Summary: This paper analyzes dispersal in predator-prey systems, where the prey can move between a source and a sink patch and the predation interaction is described by the Holling II functional response. By applying dynamical systems theory, we present a complete study on persistence of the system, and show local/global stability of equilibria. Then we prove Hopf bifurcation in the system by computing Lyapunov coefficient, and show that dispersal could lead to results reversing those if non-dispersing.
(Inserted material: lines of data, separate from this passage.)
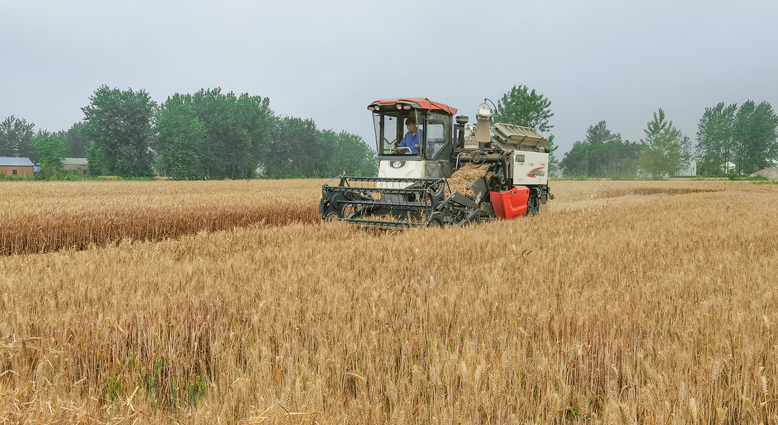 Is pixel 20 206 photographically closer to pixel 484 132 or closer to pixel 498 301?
pixel 484 132

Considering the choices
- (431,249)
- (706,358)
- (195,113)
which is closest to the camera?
(706,358)

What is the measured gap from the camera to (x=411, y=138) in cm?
988

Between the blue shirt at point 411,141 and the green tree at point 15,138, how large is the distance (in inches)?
5022

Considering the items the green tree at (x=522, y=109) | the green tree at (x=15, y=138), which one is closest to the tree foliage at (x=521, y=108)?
the green tree at (x=522, y=109)

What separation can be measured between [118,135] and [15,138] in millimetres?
75388

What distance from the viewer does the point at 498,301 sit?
3348mm

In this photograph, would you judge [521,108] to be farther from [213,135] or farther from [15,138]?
[15,138]

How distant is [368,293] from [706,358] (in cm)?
212

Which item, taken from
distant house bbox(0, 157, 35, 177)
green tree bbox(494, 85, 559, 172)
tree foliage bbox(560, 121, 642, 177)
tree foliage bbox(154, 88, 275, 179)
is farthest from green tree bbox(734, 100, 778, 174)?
distant house bbox(0, 157, 35, 177)

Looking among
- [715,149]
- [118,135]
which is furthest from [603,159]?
[118,135]

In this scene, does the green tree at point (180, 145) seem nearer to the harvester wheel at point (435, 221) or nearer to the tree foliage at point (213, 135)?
the tree foliage at point (213, 135)

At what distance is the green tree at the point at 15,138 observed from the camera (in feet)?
351

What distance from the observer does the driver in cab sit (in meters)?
9.78

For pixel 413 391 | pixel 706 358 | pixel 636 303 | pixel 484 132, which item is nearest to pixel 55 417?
pixel 413 391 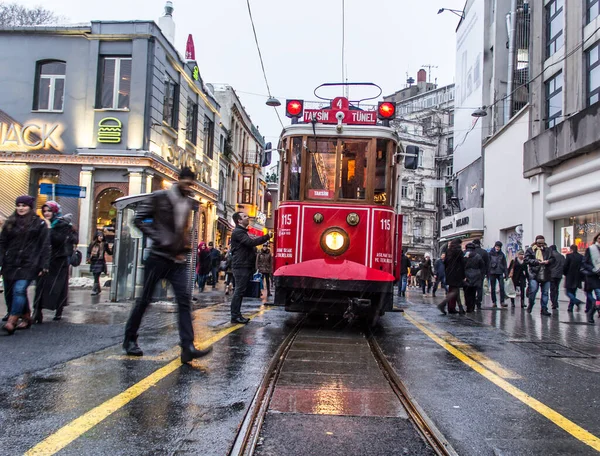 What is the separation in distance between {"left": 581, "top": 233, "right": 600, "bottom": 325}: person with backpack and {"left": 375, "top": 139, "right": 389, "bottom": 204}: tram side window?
5.39 metres

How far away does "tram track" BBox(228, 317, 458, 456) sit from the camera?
3.24 metres

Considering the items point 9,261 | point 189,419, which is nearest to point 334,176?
point 9,261

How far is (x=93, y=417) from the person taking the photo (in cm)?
367

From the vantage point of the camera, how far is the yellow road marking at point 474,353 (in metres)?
5.68

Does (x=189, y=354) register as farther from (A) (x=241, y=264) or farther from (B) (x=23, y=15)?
(B) (x=23, y=15)

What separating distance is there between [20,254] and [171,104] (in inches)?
784

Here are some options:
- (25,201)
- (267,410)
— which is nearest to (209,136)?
(25,201)

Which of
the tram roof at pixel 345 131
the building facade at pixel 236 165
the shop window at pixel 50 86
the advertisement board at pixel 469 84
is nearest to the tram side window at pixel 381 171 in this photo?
the tram roof at pixel 345 131

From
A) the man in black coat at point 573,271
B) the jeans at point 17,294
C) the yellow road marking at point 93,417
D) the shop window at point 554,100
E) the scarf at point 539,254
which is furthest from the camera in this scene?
the shop window at point 554,100

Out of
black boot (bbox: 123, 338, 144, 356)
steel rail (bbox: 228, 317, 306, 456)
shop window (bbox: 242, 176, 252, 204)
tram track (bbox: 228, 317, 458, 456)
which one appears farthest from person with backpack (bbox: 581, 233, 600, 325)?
shop window (bbox: 242, 176, 252, 204)

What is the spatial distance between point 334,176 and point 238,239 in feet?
6.07

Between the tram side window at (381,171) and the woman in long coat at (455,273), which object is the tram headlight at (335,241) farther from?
the woman in long coat at (455,273)

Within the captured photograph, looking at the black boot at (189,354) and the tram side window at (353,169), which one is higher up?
the tram side window at (353,169)

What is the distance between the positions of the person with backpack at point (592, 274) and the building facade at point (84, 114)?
53.0 feet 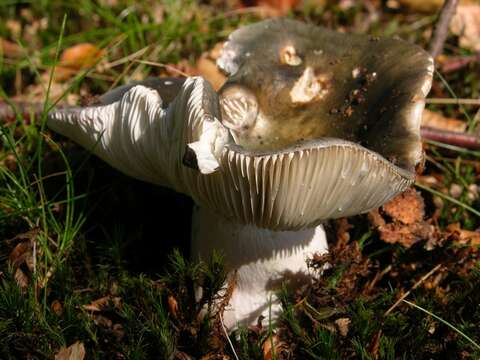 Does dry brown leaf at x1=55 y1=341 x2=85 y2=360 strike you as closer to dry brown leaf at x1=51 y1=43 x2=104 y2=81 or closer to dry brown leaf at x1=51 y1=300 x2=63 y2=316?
dry brown leaf at x1=51 y1=300 x2=63 y2=316

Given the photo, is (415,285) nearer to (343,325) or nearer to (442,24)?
(343,325)

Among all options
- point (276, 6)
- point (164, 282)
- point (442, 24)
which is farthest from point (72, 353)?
point (276, 6)

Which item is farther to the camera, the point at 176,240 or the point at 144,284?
the point at 176,240

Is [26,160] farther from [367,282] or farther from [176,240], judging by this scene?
[367,282]

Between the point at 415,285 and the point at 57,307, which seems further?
the point at 415,285

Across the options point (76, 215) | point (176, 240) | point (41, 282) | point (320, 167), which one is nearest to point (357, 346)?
point (320, 167)

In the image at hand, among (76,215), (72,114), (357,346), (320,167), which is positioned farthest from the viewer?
(76,215)

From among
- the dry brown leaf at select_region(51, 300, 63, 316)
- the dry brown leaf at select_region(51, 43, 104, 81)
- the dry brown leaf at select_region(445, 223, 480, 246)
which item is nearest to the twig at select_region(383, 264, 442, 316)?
the dry brown leaf at select_region(445, 223, 480, 246)
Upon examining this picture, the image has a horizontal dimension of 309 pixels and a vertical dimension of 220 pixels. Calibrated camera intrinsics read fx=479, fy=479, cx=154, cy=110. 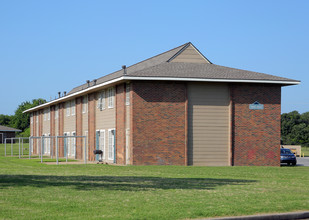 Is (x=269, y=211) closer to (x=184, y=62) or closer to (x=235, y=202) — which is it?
(x=235, y=202)

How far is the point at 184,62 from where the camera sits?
1436 inches

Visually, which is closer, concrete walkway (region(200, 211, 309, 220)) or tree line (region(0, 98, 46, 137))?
concrete walkway (region(200, 211, 309, 220))

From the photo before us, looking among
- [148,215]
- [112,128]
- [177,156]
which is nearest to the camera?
[148,215]

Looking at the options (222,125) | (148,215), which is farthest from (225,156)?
(148,215)

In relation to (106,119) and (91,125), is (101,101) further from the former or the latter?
(91,125)

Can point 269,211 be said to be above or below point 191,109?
below

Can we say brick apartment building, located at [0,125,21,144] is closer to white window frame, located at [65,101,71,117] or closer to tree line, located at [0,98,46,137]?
tree line, located at [0,98,46,137]

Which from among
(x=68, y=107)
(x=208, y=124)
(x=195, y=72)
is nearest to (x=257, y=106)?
(x=208, y=124)

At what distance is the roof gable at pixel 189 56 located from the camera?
3647cm

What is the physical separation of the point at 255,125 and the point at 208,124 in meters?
3.43

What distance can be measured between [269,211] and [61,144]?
4326cm

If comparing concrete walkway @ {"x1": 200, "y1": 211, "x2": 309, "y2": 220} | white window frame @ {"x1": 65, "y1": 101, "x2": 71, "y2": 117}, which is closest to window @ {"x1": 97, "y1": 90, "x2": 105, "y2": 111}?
white window frame @ {"x1": 65, "y1": 101, "x2": 71, "y2": 117}

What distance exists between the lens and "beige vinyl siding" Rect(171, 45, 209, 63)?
120 ft

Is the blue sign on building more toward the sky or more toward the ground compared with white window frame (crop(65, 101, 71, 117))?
more toward the ground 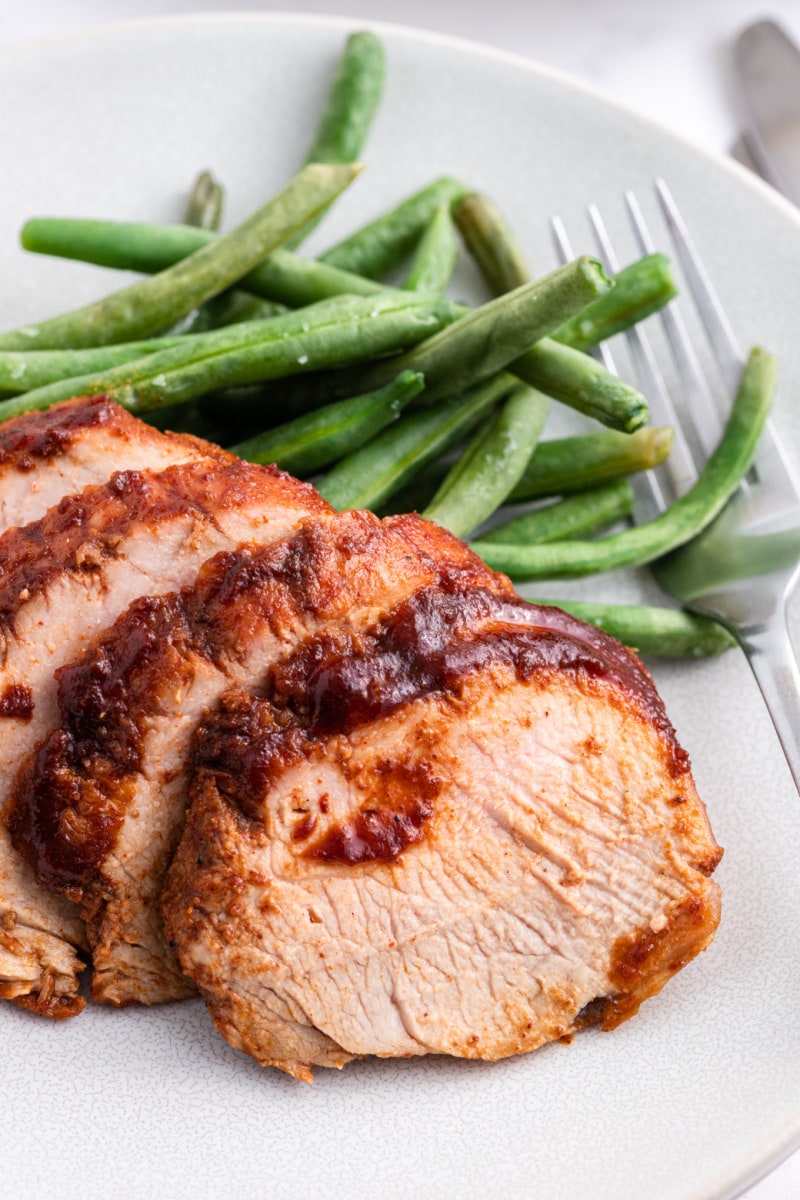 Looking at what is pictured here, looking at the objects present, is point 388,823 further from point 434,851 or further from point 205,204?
point 205,204

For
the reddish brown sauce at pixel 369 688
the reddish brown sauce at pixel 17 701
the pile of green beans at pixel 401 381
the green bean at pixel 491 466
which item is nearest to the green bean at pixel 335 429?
the pile of green beans at pixel 401 381

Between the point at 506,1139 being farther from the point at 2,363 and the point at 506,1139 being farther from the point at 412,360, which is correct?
the point at 2,363

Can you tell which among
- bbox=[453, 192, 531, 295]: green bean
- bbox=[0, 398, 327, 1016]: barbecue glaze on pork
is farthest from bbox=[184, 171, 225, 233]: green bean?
bbox=[0, 398, 327, 1016]: barbecue glaze on pork

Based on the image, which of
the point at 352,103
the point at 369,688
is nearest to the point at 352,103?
the point at 352,103

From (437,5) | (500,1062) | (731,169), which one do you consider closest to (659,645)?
(500,1062)

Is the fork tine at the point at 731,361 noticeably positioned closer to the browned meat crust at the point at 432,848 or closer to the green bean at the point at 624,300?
the green bean at the point at 624,300
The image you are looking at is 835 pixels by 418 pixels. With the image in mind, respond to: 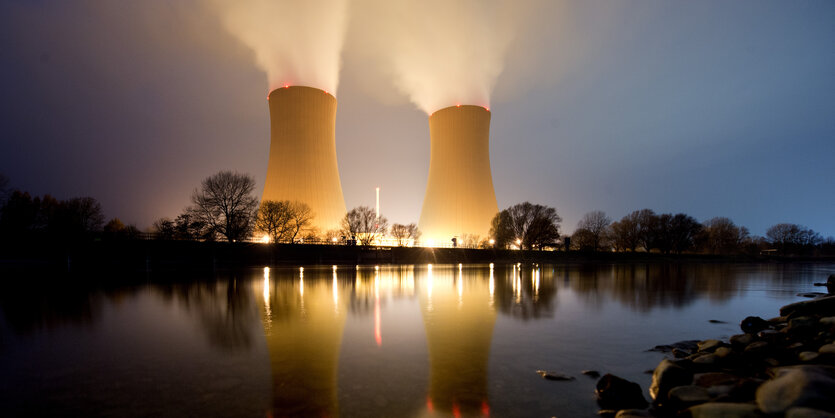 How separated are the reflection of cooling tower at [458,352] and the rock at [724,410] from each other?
1422mm

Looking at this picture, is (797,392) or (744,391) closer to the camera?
(797,392)

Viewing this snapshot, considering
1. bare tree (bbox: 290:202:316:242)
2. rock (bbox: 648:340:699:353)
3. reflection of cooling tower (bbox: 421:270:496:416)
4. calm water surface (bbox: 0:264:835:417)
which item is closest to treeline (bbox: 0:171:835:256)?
bare tree (bbox: 290:202:316:242)

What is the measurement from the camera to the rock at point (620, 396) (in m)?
2.90

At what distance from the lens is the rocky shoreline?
2.52 metres

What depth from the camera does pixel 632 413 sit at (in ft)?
8.69

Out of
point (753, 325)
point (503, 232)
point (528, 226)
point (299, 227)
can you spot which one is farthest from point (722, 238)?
point (753, 325)

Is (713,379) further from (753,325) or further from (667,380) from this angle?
(753,325)

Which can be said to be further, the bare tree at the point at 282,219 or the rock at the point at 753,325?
the bare tree at the point at 282,219

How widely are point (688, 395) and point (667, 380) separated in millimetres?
266

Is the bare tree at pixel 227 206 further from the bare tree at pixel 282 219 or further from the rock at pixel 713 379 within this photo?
the rock at pixel 713 379

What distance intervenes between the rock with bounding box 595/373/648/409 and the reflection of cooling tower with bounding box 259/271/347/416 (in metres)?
2.08

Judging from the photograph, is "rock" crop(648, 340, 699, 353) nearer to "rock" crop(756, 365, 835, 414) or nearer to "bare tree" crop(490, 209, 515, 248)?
"rock" crop(756, 365, 835, 414)

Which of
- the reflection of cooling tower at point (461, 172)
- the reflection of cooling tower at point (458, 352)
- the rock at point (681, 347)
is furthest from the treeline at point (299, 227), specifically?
the rock at point (681, 347)

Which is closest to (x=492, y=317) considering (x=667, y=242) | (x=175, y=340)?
(x=175, y=340) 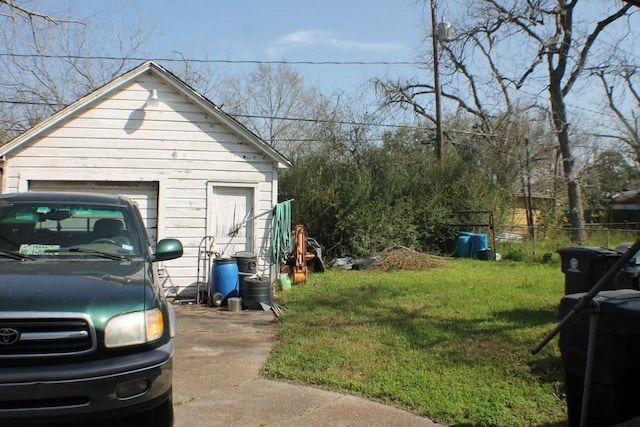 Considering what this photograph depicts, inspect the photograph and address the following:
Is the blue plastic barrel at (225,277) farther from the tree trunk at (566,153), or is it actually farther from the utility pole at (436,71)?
the tree trunk at (566,153)

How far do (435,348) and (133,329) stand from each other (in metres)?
4.15

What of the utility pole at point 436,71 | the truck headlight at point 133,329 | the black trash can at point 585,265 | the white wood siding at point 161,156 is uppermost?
the utility pole at point 436,71

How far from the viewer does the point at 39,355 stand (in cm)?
297

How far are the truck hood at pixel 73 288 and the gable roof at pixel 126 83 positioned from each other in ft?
22.9

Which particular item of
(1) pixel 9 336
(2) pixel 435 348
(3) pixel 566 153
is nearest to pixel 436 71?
(3) pixel 566 153

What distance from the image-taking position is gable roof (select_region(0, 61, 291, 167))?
9.83m

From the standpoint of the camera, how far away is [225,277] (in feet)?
31.9

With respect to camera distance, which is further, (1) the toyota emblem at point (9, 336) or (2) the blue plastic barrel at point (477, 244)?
(2) the blue plastic barrel at point (477, 244)

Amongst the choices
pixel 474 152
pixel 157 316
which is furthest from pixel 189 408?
pixel 474 152

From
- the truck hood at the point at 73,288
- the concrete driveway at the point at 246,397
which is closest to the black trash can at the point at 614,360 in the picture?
the concrete driveway at the point at 246,397

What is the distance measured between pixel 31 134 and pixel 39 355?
8.20 meters

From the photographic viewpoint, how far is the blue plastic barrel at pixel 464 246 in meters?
17.1

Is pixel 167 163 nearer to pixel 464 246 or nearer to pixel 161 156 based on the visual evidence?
pixel 161 156

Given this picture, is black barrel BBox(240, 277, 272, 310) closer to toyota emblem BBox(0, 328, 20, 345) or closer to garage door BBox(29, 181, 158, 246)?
garage door BBox(29, 181, 158, 246) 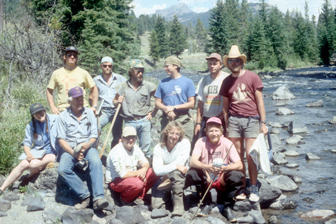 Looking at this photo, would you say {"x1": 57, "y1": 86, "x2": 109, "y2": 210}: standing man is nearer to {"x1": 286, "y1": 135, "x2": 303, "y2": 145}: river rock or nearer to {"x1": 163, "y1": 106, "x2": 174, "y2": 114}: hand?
{"x1": 163, "y1": 106, "x2": 174, "y2": 114}: hand

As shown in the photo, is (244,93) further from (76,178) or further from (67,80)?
(67,80)

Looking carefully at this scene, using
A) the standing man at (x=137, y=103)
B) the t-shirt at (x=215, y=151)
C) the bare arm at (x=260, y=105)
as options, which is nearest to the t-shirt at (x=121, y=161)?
the standing man at (x=137, y=103)

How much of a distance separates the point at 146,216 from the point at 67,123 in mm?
1796

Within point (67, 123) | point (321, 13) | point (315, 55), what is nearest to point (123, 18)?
point (67, 123)

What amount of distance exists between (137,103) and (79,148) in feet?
4.43

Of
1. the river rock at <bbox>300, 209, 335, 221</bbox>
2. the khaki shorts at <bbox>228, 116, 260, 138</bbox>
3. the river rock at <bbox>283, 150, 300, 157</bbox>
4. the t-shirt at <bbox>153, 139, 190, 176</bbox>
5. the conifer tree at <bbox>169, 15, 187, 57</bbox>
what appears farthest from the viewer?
the conifer tree at <bbox>169, 15, 187, 57</bbox>

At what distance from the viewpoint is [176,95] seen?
4.99 m

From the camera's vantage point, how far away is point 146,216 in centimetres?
428

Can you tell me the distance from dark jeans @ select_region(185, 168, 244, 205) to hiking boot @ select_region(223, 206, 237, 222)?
9cm

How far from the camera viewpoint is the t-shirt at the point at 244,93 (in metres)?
4.31

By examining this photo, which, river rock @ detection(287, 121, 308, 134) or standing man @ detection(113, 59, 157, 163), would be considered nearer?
standing man @ detection(113, 59, 157, 163)

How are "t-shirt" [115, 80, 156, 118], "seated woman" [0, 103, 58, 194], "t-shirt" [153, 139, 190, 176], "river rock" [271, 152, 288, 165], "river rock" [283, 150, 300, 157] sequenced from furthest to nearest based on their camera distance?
"river rock" [283, 150, 300, 157]
"river rock" [271, 152, 288, 165]
"t-shirt" [115, 80, 156, 118]
"seated woman" [0, 103, 58, 194]
"t-shirt" [153, 139, 190, 176]

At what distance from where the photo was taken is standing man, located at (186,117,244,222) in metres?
4.17

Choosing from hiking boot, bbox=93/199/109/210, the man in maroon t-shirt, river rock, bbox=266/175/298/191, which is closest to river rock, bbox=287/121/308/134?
river rock, bbox=266/175/298/191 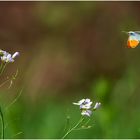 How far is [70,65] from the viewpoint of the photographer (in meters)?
3.92

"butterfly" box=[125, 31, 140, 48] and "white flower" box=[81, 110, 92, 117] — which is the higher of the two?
"butterfly" box=[125, 31, 140, 48]

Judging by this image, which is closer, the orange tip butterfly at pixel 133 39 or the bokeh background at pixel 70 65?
the orange tip butterfly at pixel 133 39

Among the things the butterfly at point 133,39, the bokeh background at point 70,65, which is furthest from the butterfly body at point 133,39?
the bokeh background at point 70,65

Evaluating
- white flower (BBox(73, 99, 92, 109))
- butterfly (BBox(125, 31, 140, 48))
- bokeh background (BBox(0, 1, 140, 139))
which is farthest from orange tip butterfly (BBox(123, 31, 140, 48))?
bokeh background (BBox(0, 1, 140, 139))

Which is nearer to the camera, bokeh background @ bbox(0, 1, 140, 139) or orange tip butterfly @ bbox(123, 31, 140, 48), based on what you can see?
orange tip butterfly @ bbox(123, 31, 140, 48)

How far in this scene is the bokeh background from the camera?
8.71 ft

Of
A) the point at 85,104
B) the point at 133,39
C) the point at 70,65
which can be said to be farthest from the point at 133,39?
the point at 70,65

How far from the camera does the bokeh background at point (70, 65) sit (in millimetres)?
2656

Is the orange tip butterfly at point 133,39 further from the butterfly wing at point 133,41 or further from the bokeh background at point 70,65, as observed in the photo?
the bokeh background at point 70,65

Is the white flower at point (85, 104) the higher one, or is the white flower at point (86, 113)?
the white flower at point (85, 104)

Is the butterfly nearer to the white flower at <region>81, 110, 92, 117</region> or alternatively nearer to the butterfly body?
the butterfly body

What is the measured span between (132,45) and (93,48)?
7.21ft

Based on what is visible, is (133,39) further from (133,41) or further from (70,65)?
(70,65)

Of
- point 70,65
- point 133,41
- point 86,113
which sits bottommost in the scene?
point 70,65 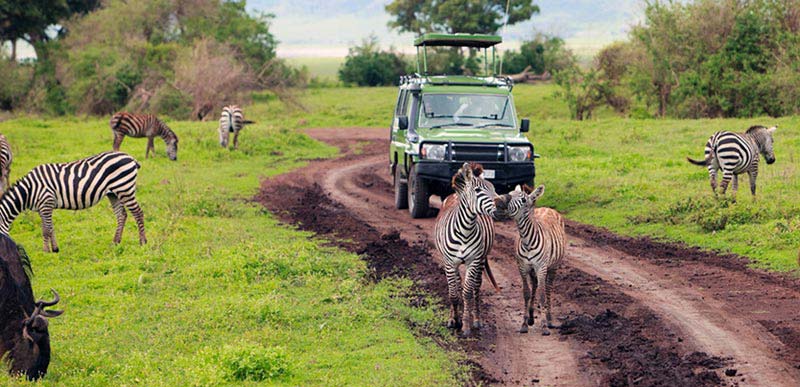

By explicit expressions of stable equilibria, we show that dispersal could make the prey approach total abundance larger than if non-dispersing, even larger than its carrying capacity when the predator persists. Asymmetry in dispersal could also lead to the results. Total abundance of the prey is shown to be a distorted function (surface) of dispersal rates, which extends both previous theory and experimental observations. It is proven that there exists an optimal dispersal that drives the predator into extinction and makes the prey reach the maximal abundance. These results are biologically important in preserving endangered species.

MSC:

34C12 Monotone systems involving ordinary differential equations
34C28 Complex behavior and chaotic systems of ordinary differential equations
37G20 Hyperbolic singular points with homoclinic trajectories in dynamical systems
37N25 Dynamical systems in biology
92D25 Population dynamics (general)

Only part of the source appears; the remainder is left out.